Иногда мы с ней разговариваем, как с маленькой, и ей это не нравится.
* * *
А ещё через день отец поссорился с матушкой из-за того, что она раскритиковала его будущую школу. У неё же к тому времени открылся приют, самый настоящий, а не на бумаге, в котором появились первые обитательницы – две худенькие девочки немного младше Кристины, которых уже одели в длинные подрясники, а на головах у них были тёмные платки.

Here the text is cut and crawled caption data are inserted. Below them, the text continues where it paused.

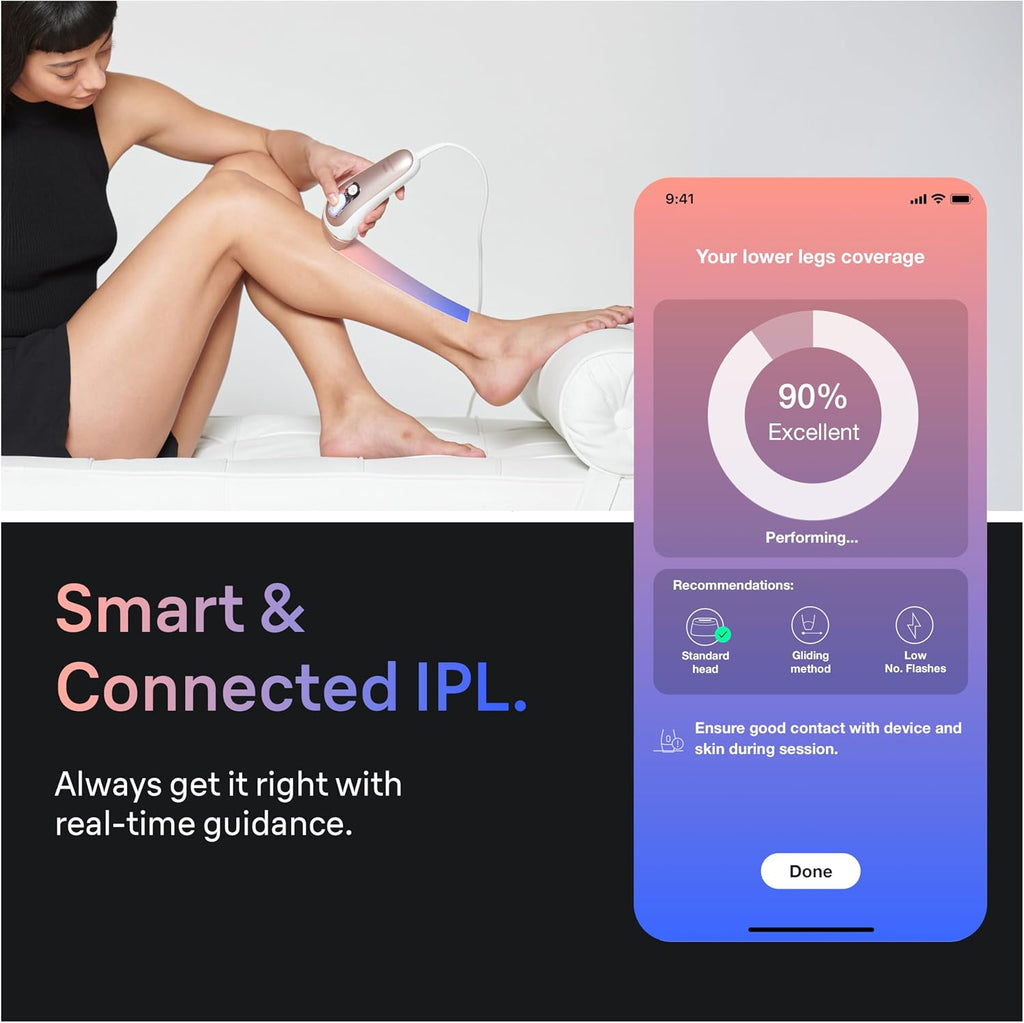 Braun Skin i-Expert Smart IPL PL7219 at Home Laser Hair Removal for Women and Men with App, Premium Pouch, Venus Razor, 2 Smart Heads, Facial Trimmer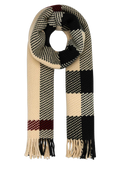 Burberry Check Wool Scarf — Beige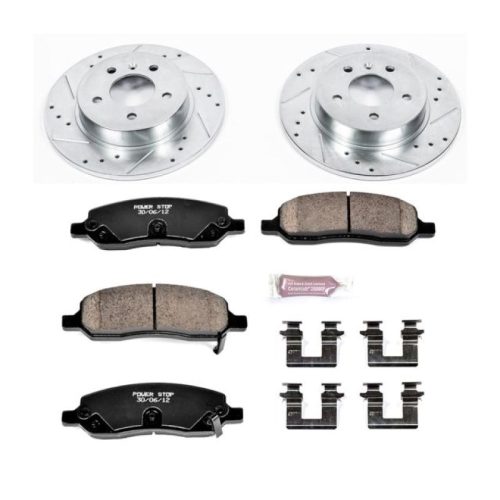 2006-2008 Buick Lucerne Rear Z23 Evolution Sport Brake Upgrade Kit - Drilled & Slotted Rotors with Carbon-Fiber Ceramic Pads for Heavy-Duty Towing and Fleet Use - Premium Replacement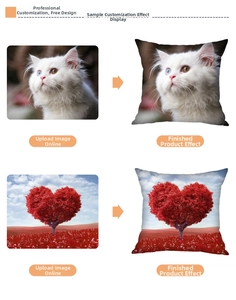 Detailed step-by-step custom printing process for personalized cat and floral pillows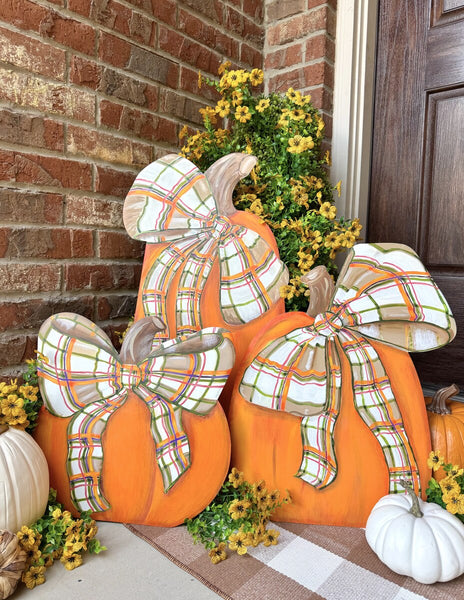 Modern Plaid Pumpkin Stake/Stand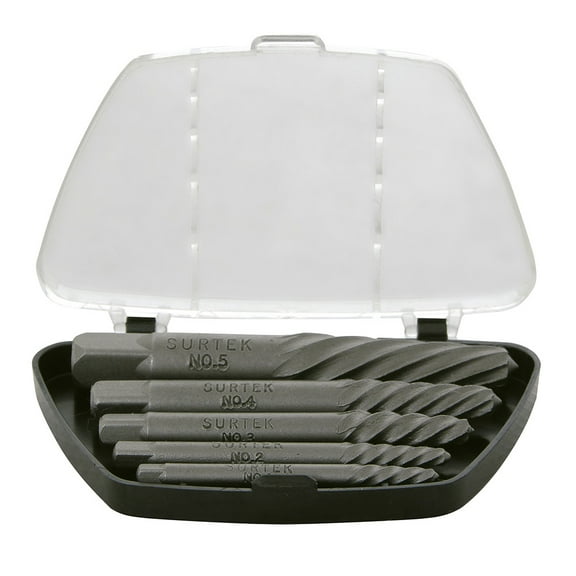 Surtek Spiral Flute Screw Extractor Set 5 Pieces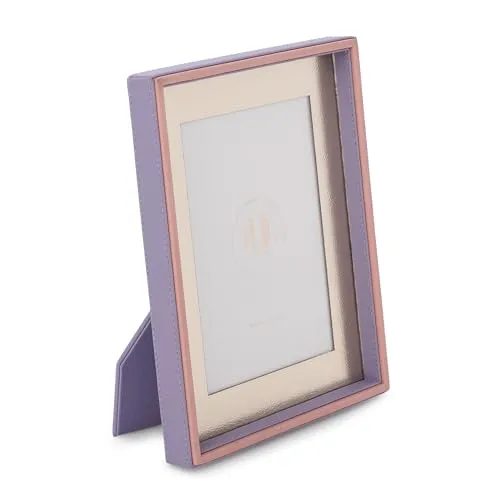 PURE HOME   LIVING Purple and Pink Dual Toned Faux Leather Photo Frame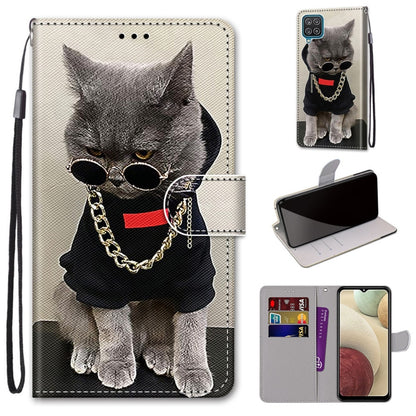 Coloured Drawing Cross Texture Horizontal Flip PU Leather Case with Holder & Card Slots & Wallet & Lanyard, For Samsung Galaxy A12 / M12, For Samsung Galaxy A32 5G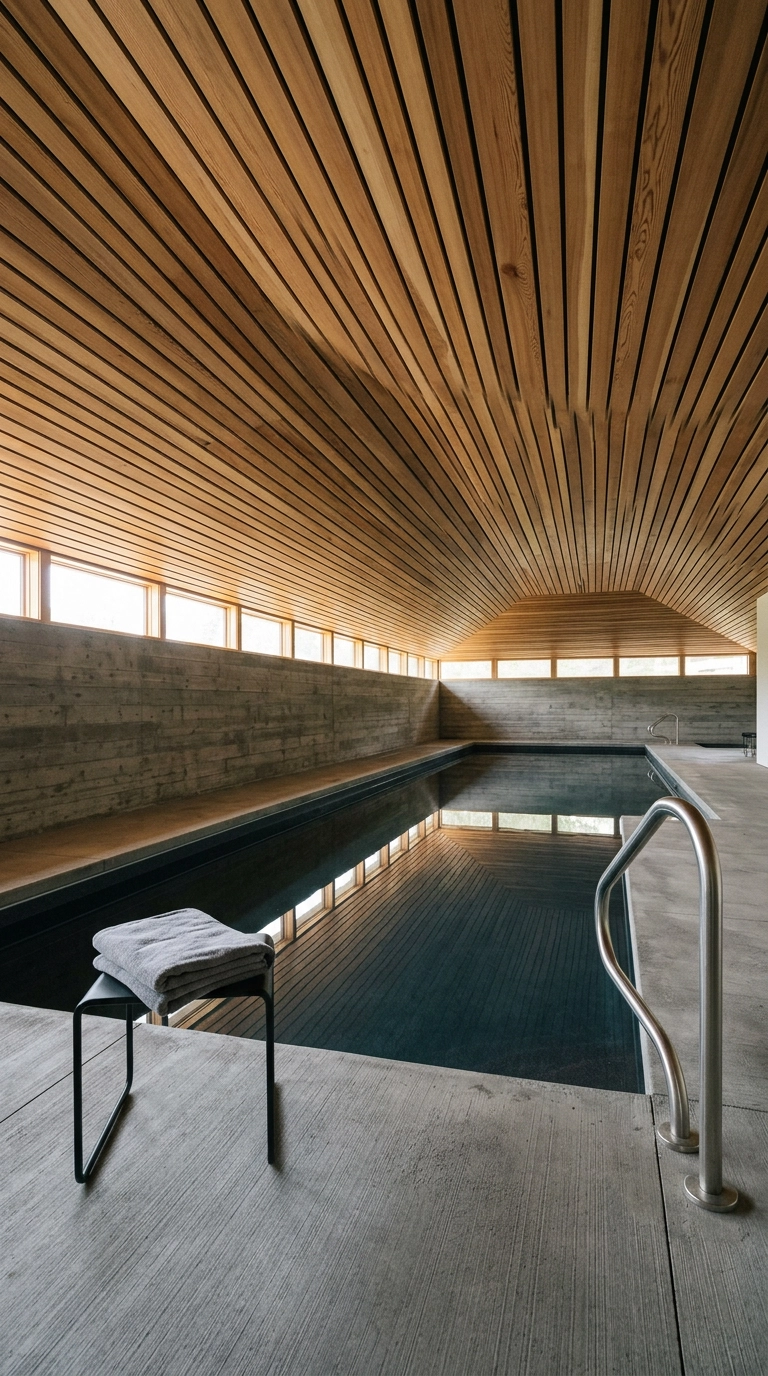 Indoor lap pool with western red cedar slat vaulted ceiling and charcoal pool interior under clerestory light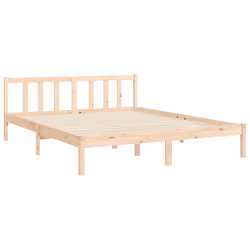 vidaXL Bed Frame Bed Base Wooden Bed with Headboard Super King Size Solid Wood - brown, 160 x 200 cm - Additional view 8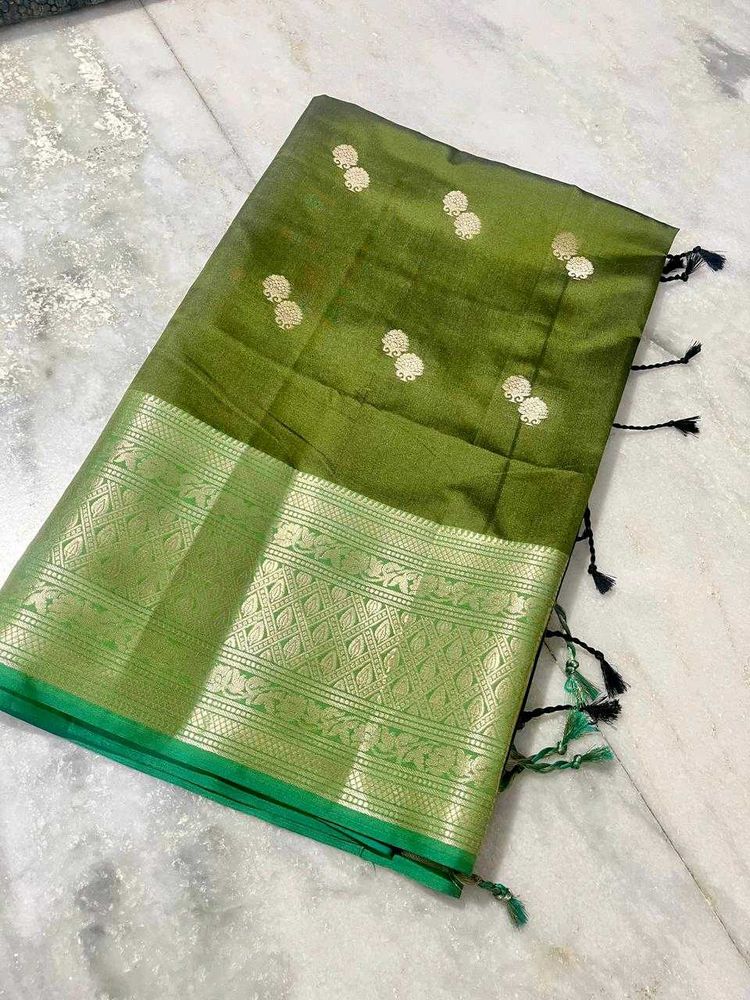 Green Silk Saree with Antic Accents
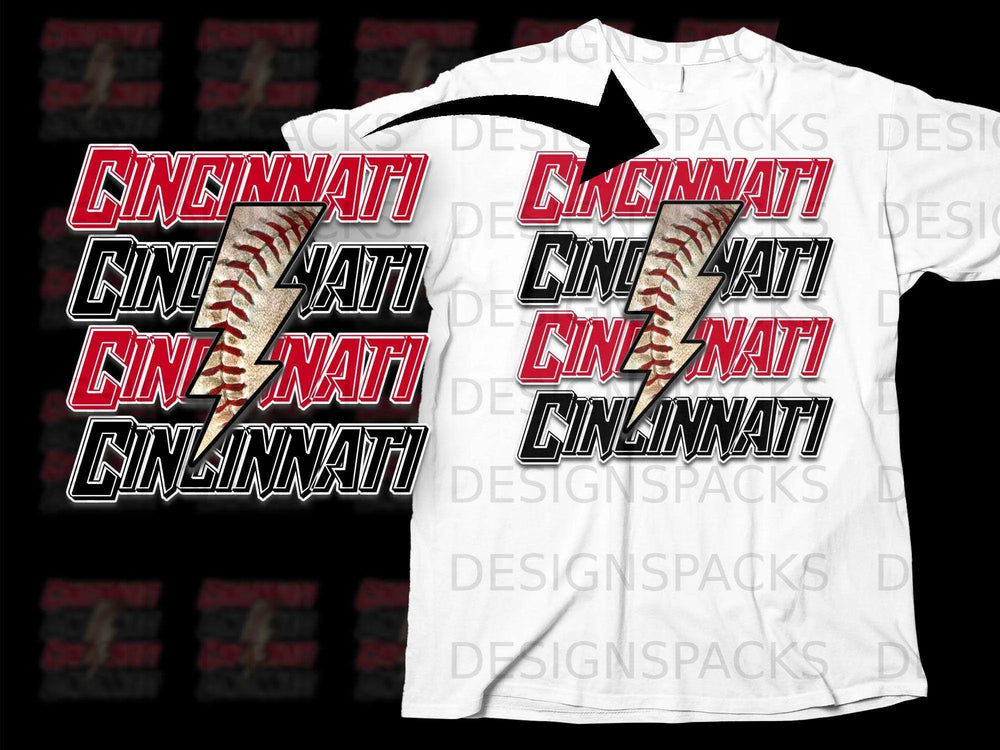 Cincinnati Text with Baseball Lightning Bolt T-Shirt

Отец говорил, что её школа – это неправильная школа. Школа должна быть совсем не такой. Незачем девочкам стоять на службе часами, бубнить молитвы, а одежда, которую они носят, никогда не разовьёт у них эстетического чувства, и они никогда не научатся одеваться красиво и, соответственно, видеть красоту в чём-то другом. Матушка же отвечала, что одеваться красиво совсем не обязательно и даже грешно, и главное – надо быть не по одежде красивой, а Богу угождать, а что касается красоты, так она вся в храме Божием, и большей красоты человеку и не нужно. Отец же говорил, что категорически не согласен – нельзя загонять девочек в казарму, нельзя их так гнобить, они должны расти в свободной и радостной обстановке, подальше от всякой угрюмости и суровости, чтобы потом передавать, нести в мир радость жизни. И тогда мир, может быть, переменится. А матушка – в ответ – что вся эта свободная жизнь есть жизнь греха, а радость жизни, о которой он говорит, – ненужная утеха, которой соблазняет девушек дьявол.